• Records supplied:
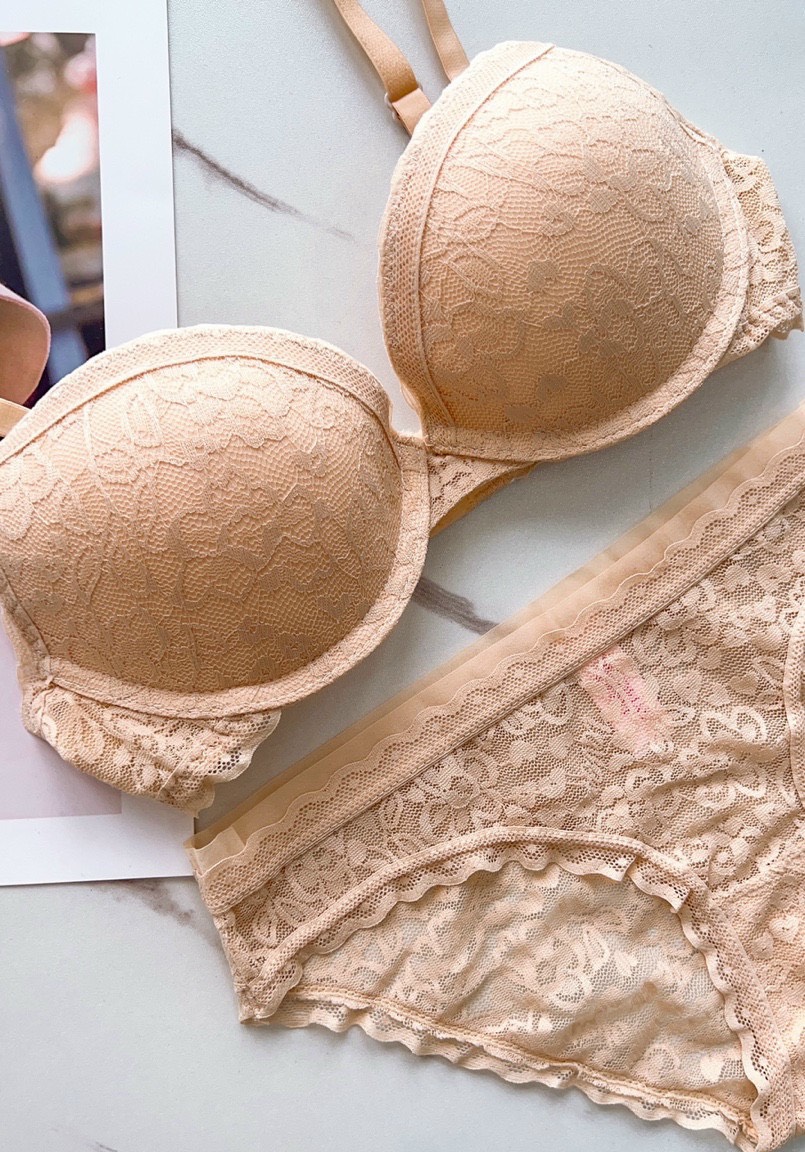 Bộ Bra Nữ Thiết Kế Thoải Mái - B.Lingerie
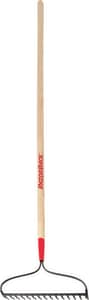 Razr Bck Forged Bow Rake W/ 60 Hdl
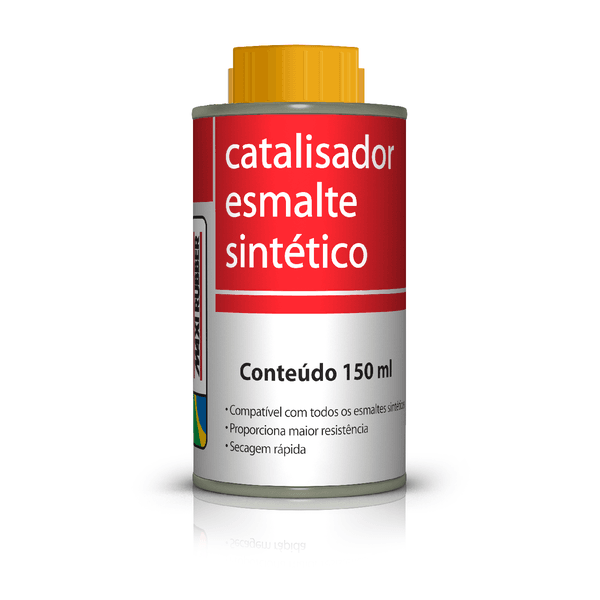 Catalisador Para Esmalte Sintético - Maxi Rubber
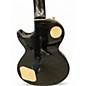 Used Epiphone Les Paul Standard Black Solid Body Electric Guitar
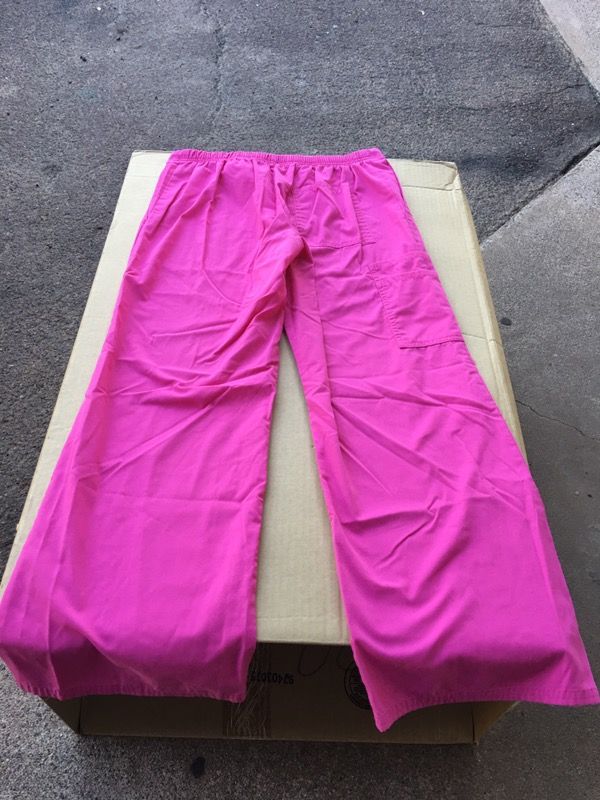 Women's scrub pants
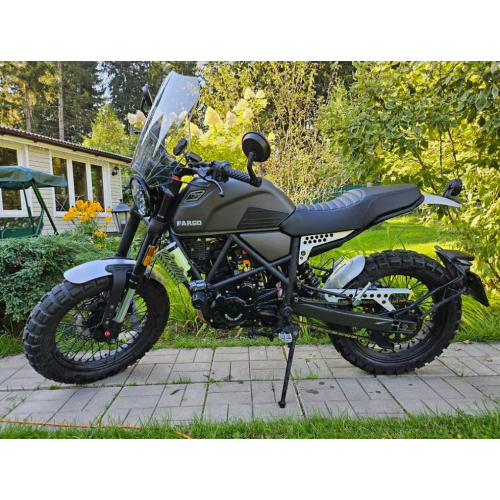 Мотоцикл Regulmoto Fargo 300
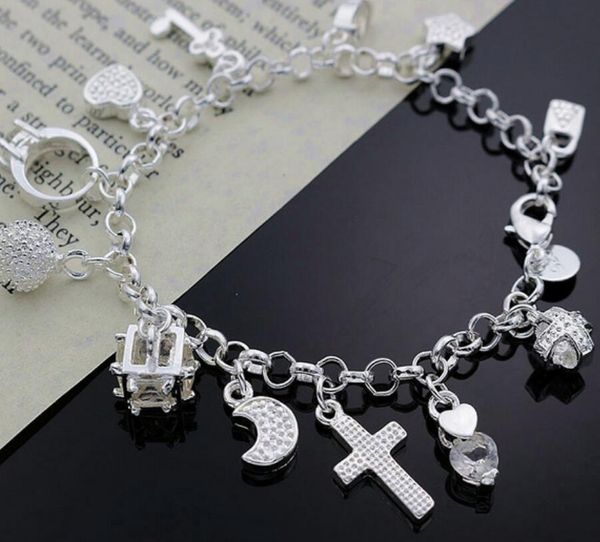 

fashioni3k5925 omen's jm002n4nq silver sterling jewelry bracelet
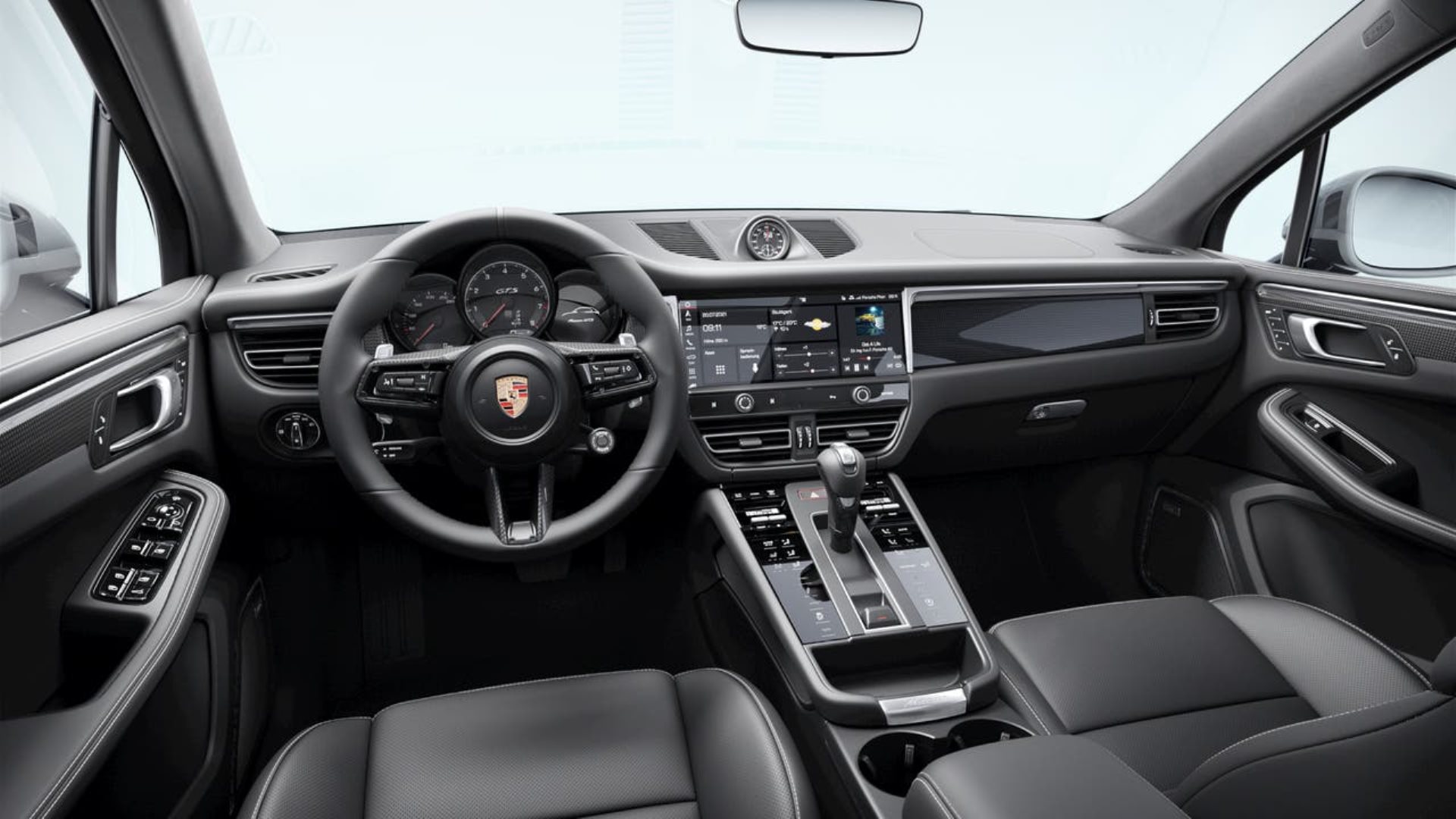 PORSCHE Macan GTS-image-8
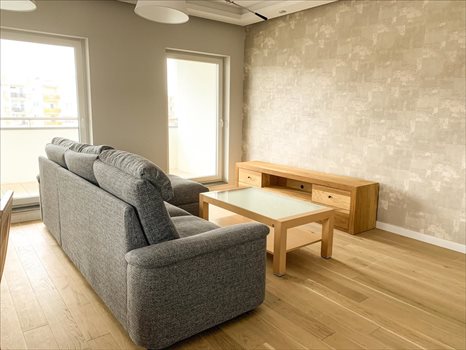 Mieszkanie dwupokojowe na wynajem Toruń, Toruń 53m2 Foto 4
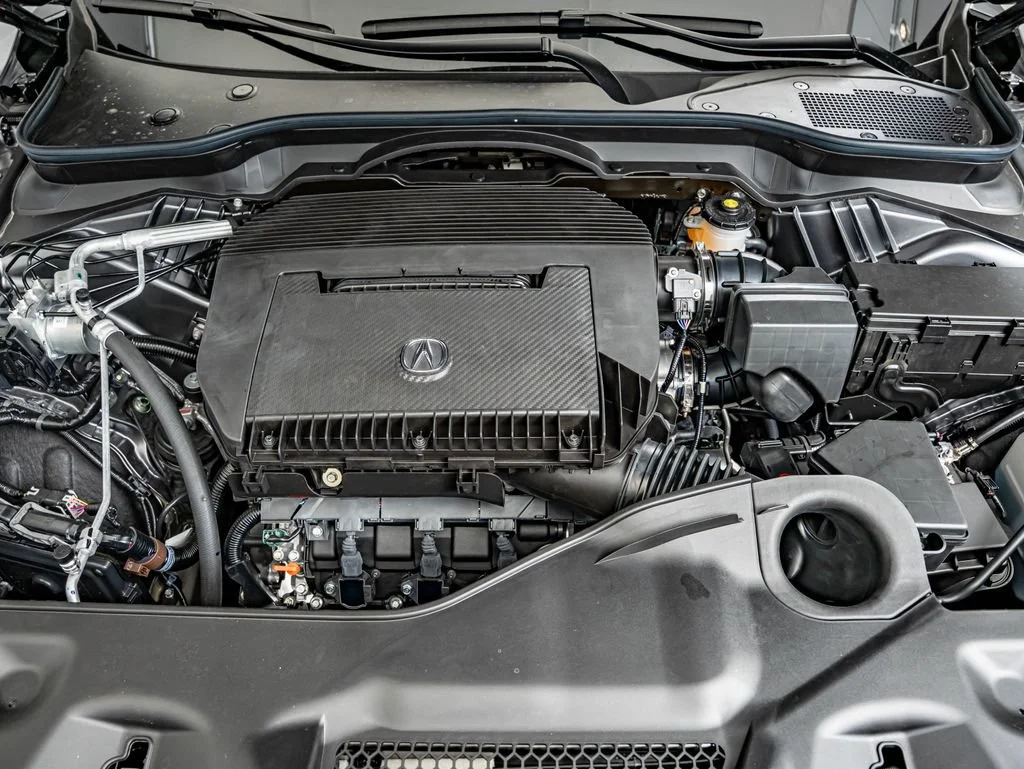 New 2026 Liquid Carbon Metallic Acura A-Spec Advance Package image 47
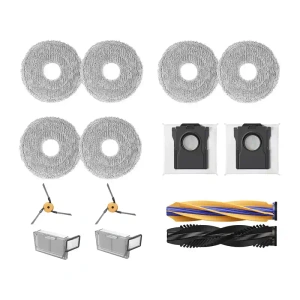 Zestaw akcesoriów do robotów sprzątających Dreame z serii X60 Ultra/X60 Pro Ultra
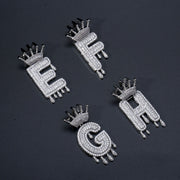 English Letter Hip Hop Pendant – Jewelry Gift Ideas — 12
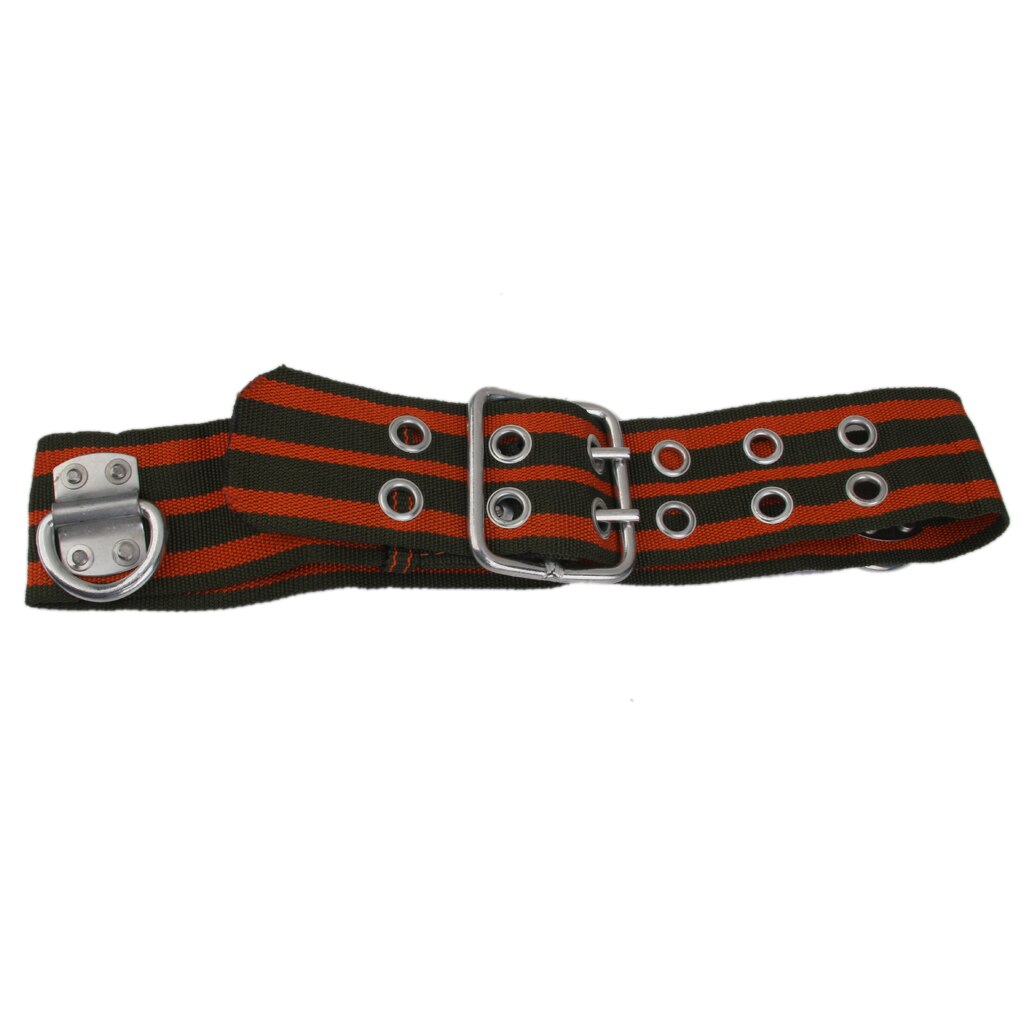 Outdoor Safety Tree Climbing Belt Harness by HitMyNeed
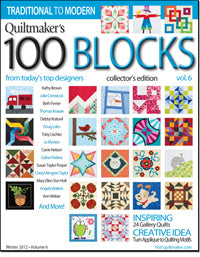 Magazine 100 Blocks Vol. 6
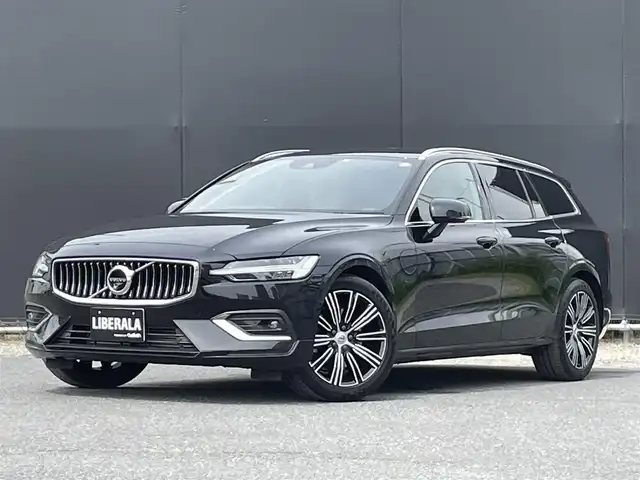 ボルボ,Ｖ６０,T5 インスクリプション,2019年式（平成31・令和1年式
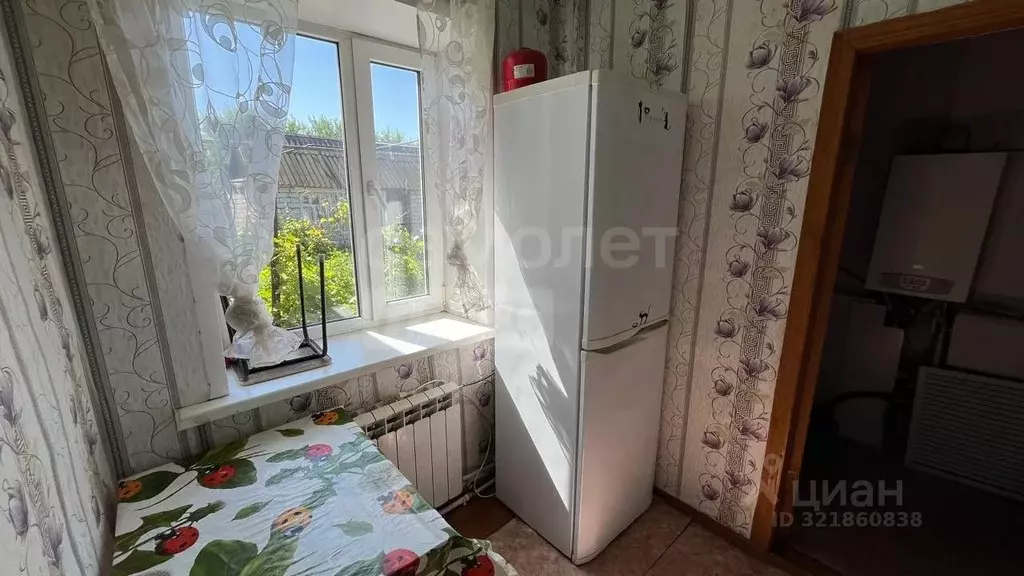 Дом в Оренбургская область, пос. Саракташ ул. Заводская, 84А (43 м) - Фото 1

• Problem details:
Repeat the entries exactly, pictures left out.

• Solution to this exercise:
 Bộ Bra Nữ Thiết Kế Thoải Mái - B.Lingerie
 Razr Bck Forged Bow Rake W/ 60 Hdl
 Catalisador Para Esmalte Sintético - Maxi Rubber
 Used Epiphone Les Paul Standard Black Solid Body Electric Guitar
 Women's scrub pants
 Мотоцикл Regulmoto Fargo 300

fashioni3k5925 omen's jm002n4nq silver sterling jewelry bracelet
 PORSCHE Macan GTS-image-8
 Mieszkanie dwupokojowe na wynajem Toruń, Toruń 53m2 Foto 4
 New 2026 Liquid Carbon Metallic Acura A-Spec Advance Package image 47
 Zestaw akcesoriów do robotów sprzątających Dreame z serii X60 Ultra/X60 Pro Ultra
 English Letter Hip Hop Pendant – Jewelry Gift Ideas — 12
 Outdoor Safety Tree Climbing Belt Harness by HitMyNeed
 Magazine 100 Blocks Vol. 6
 ボルボ,Ｖ６０,T5 インスクリプション,2019年式（平成31・令和1年式
 Дом в Оренбургская область, пос. Саракташ ул. Заводская, 84А (43 м) - Фото 1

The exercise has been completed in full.